Humor, both in blatant hijinx and in subtle observation, is an essential part of McWillie's work. The dogs become characters, displaying a kind of avid sociability, in matched or mismatched pairs. These saucer-eyed buddies pose side by side against a bright blue Caribbean sky or in a London fog. Like the detectives or mobsters in a 1940's film noir, we often find them, with glowing cigars slack in their mouths, in the genre's typical settings: late at night, in front of a lurid neon sign or on an empty street.
McWillie's multi-sectioned paintings bring together all of his favored motifs in a grid of cinematic stills. Here we find the Scotties and Bulldogs mugging for the camera, with close-ups of faces, cigars, matches, and fire hydrants. In addition, there is a recurring image of the "Bone Factory", topped by a red neon bone. This final image puts a scare into the hilarity. With its intimation of death, it gives the dog's popping eyes an edge of existential anxiety. It is this hint of the dark night of the soul, along with the paintings' raw cartoon-like vigor, which connects McWillie's paintings with the late work of Philip Guston.

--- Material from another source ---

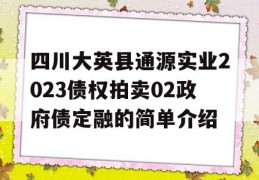 四川大英县通源实业2023债权拍卖02政府债定融的简单介绍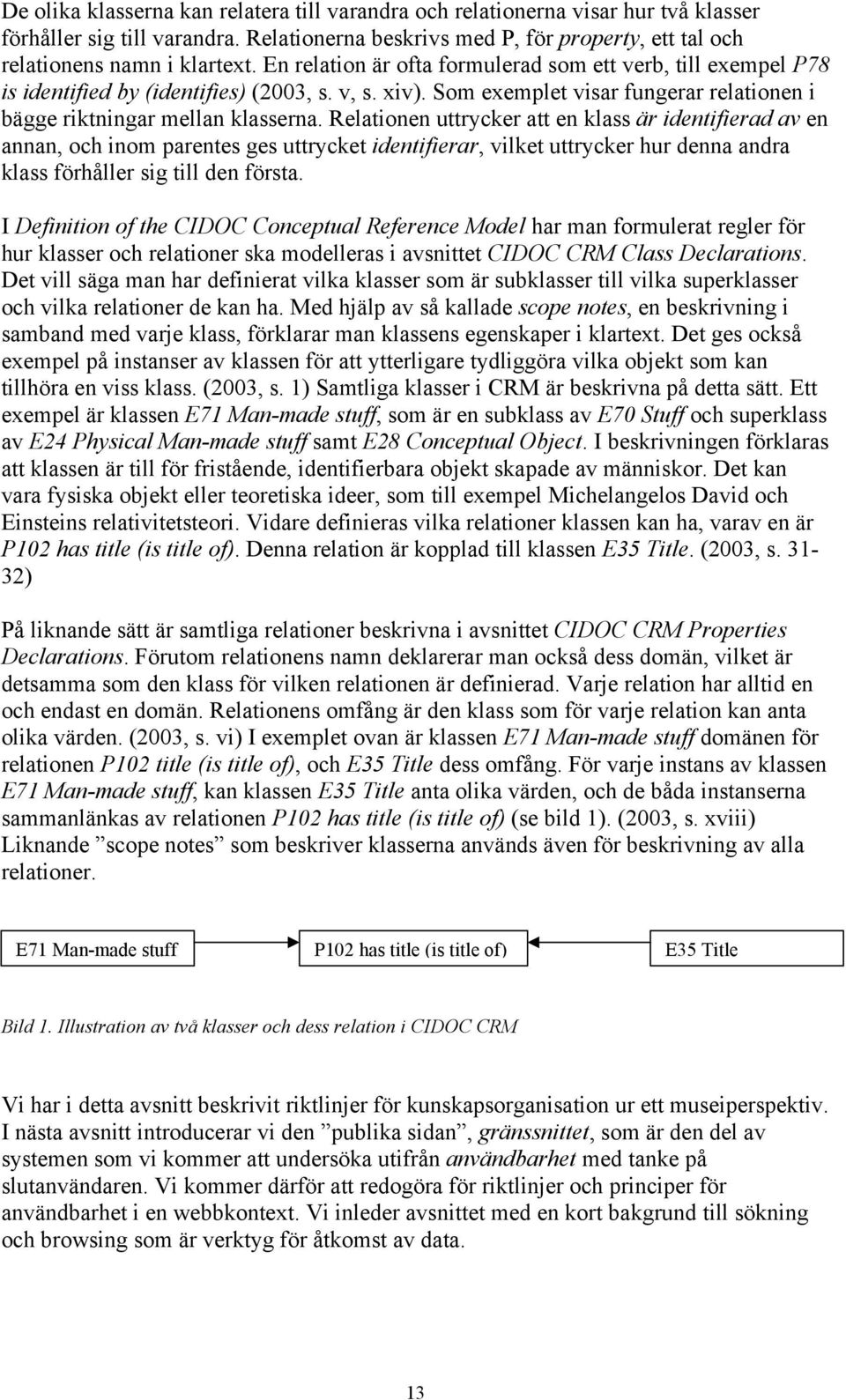 Relationen uttrycker att en klass är identifierad av en annan, och inom parentes ges uttrycket identifierar, vilket uttrycker hur denna andra klass förhåller sig till den första.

A number of images of Dalmations offer a quieter take on a dog's life. These images of dogs lounging in fog or on ice capture a kind of baleful moodiness that seems quite human. In one Dalmation's profile head, haloed in moonlight against a starry sky, we are offered hope that the spiritual might exist both in the consciousness of dogs, and in ourselves." By John Mendelsohn, New York City, 1998
Images from top to bottom: Just When You Thought, 1998, acrylic on canvas, 48 x 60 inches; 2 AM at the Bone Factory, 1997, oil pastel on paper, 18 x 24 inches; Two Scots Celebrating, 1997, oil on canvas, 24 x 30 inches.